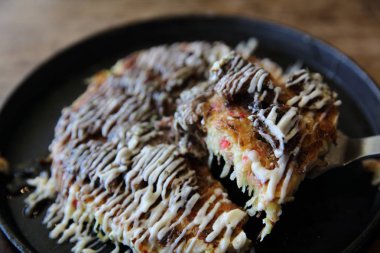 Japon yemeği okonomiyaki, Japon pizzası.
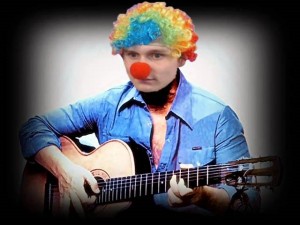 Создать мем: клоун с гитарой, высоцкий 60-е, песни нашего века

...

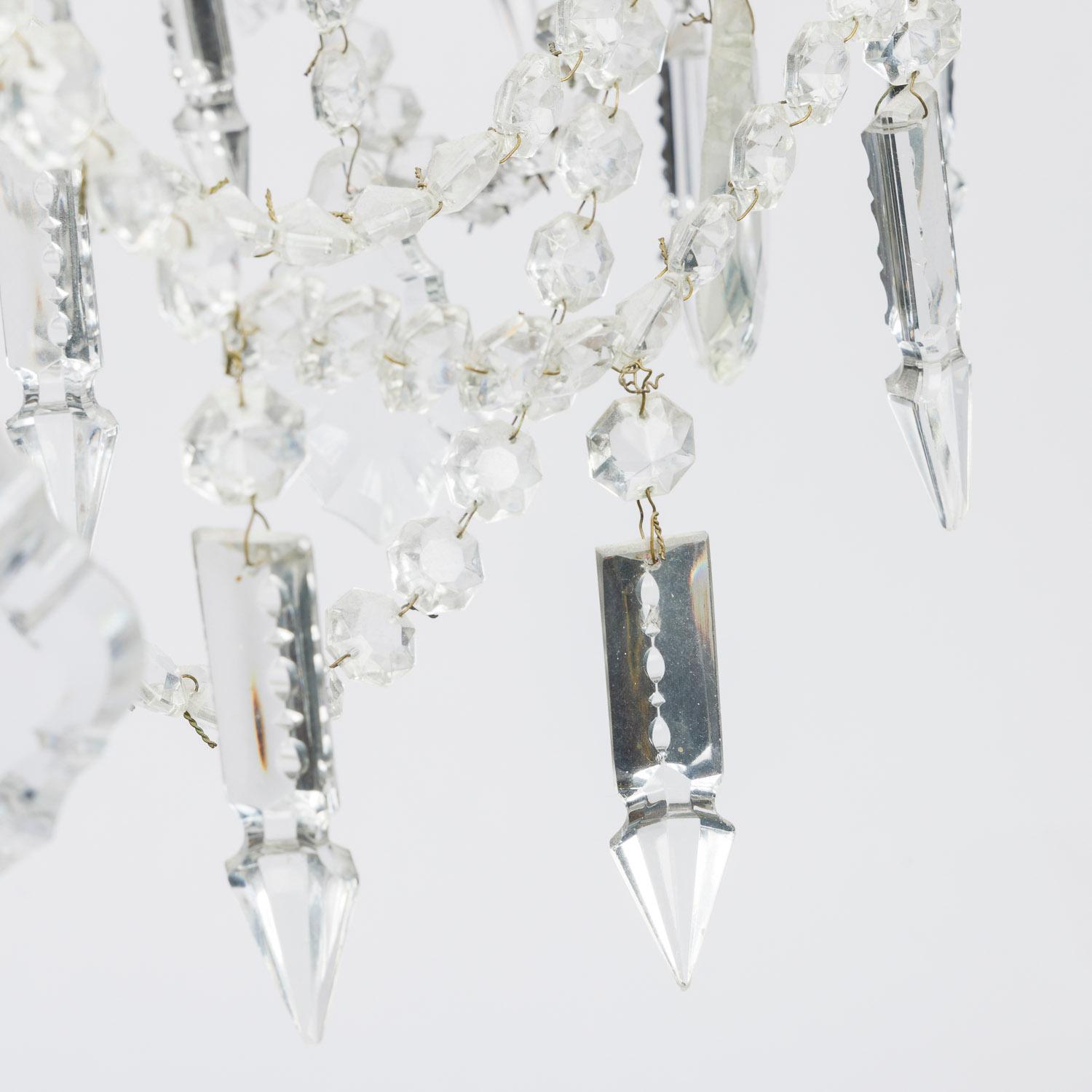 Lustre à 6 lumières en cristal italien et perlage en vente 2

--

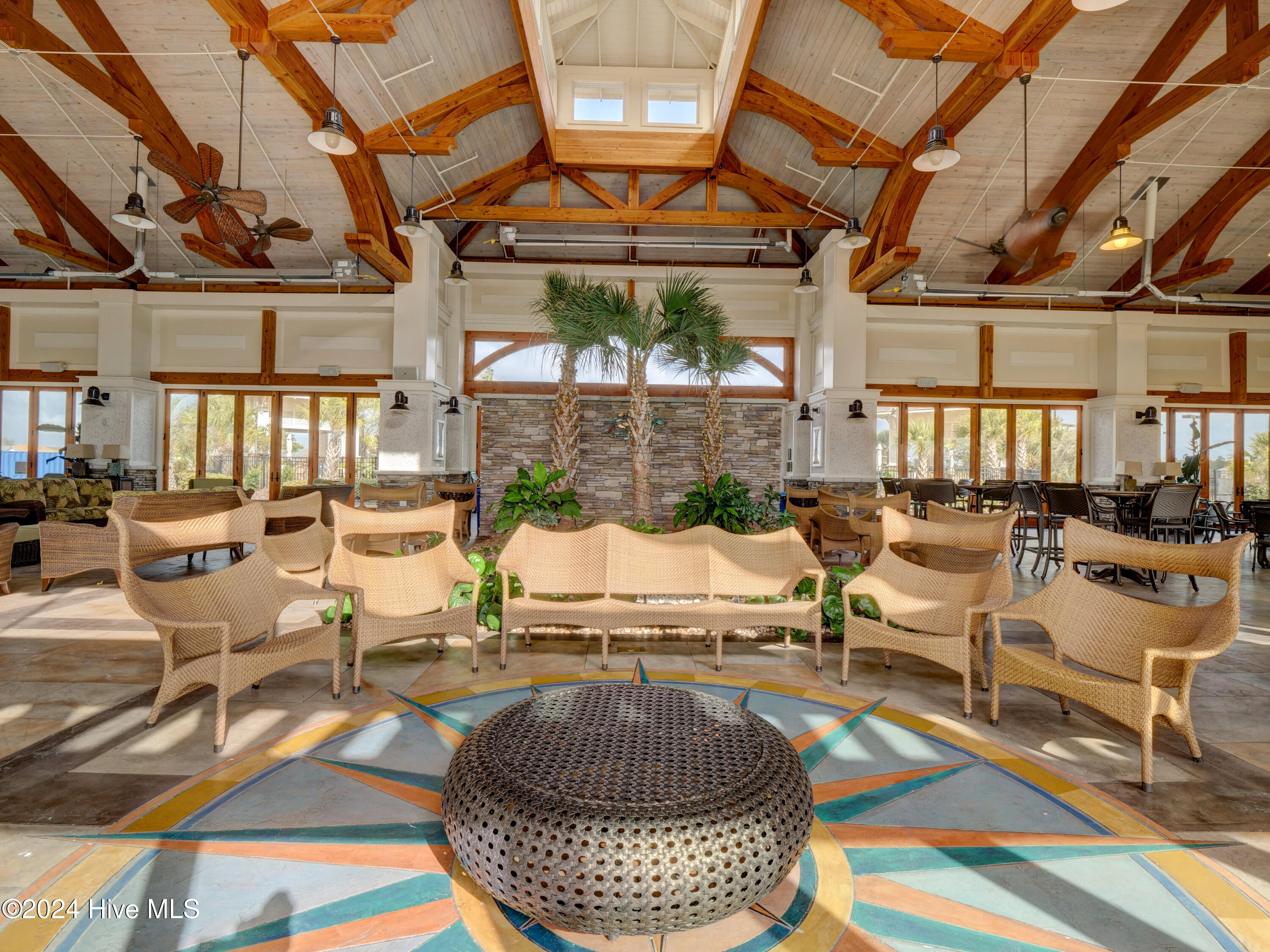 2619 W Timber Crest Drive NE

[ACTION ITEM]:
Only the lines starting at the one with "Japon yemeği okonomiyaki, Japon pizzası." and ending at the one with "Создать мем: клоун" should be printed, each exactly as it appears in the material above; the pictures are to be omitted.

[RESULT FOR THIS EXERCISE]:
 Japon yemeği okonomiyaki, Japon pizzası.
 Создать мем: клоун с гитарой, высоцкий 60-е, песни нашего века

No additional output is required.